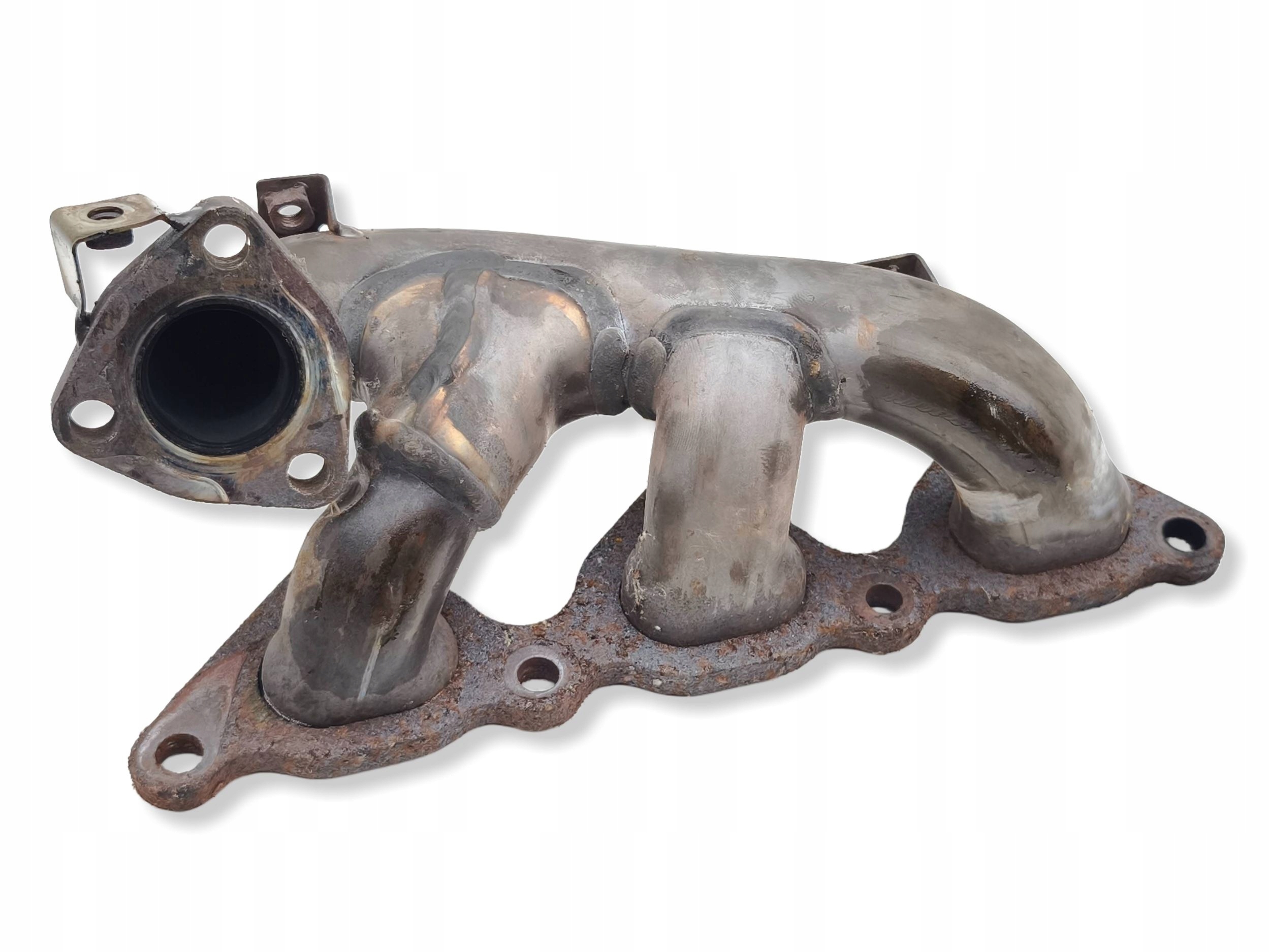 mitsubishi 3000 GT 1994 коллектор выпускной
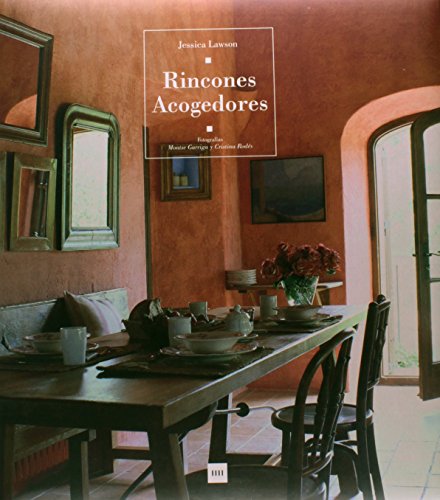 RINCONES ACOGEDORES (T.D)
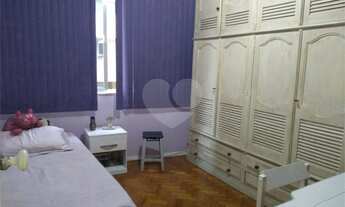 Imagem 4: Rio de Janeiro - Apartamento Padrão - TIJUCA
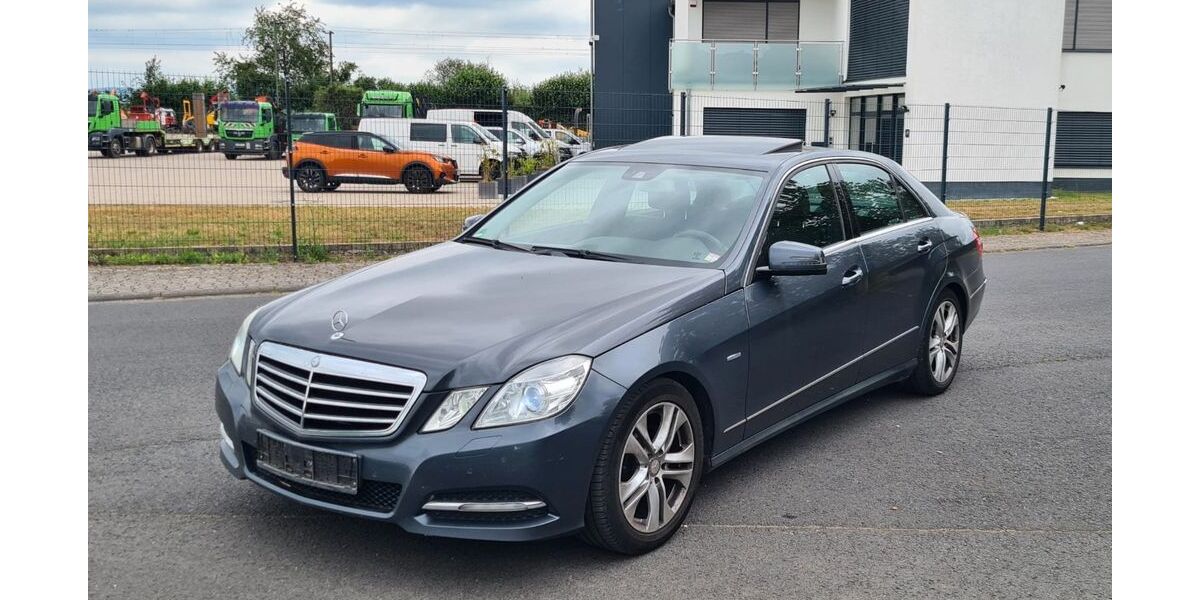 Mercedes-Benz E 220 353.000 km 4.999 &euro; Koblenz 56070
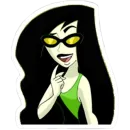 Shego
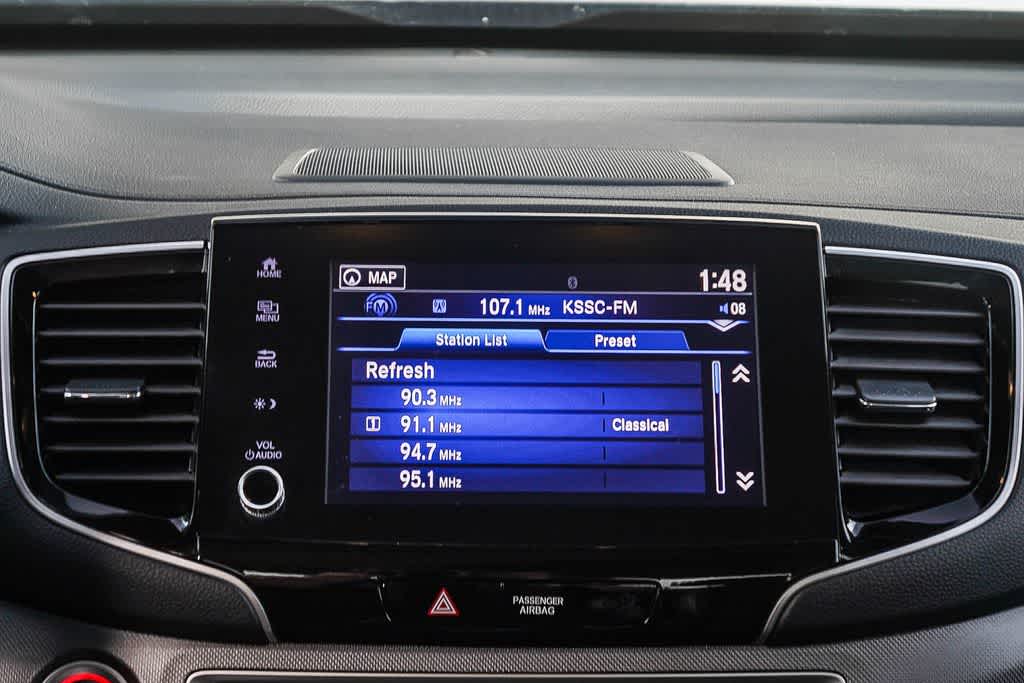 Thumbnail: 2023 Honda Ridgeline - 14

________________

The problem — Return every entry exactly, dropping the pictures.

Expected answer —
 mitsubishi 3000 GT 1994 коллектор выпускной
 RINCONES ACOGEDORES (T.D)
 Imagem 4: Rio de Janeiro - Apartamento Padrão - TIJUCA
 Mercedes-Benz E 220 353.000 km 4.999 &euro; Koblenz 56070
 Shego
 Thumbnail: 2023 Honda Ridgeline - 14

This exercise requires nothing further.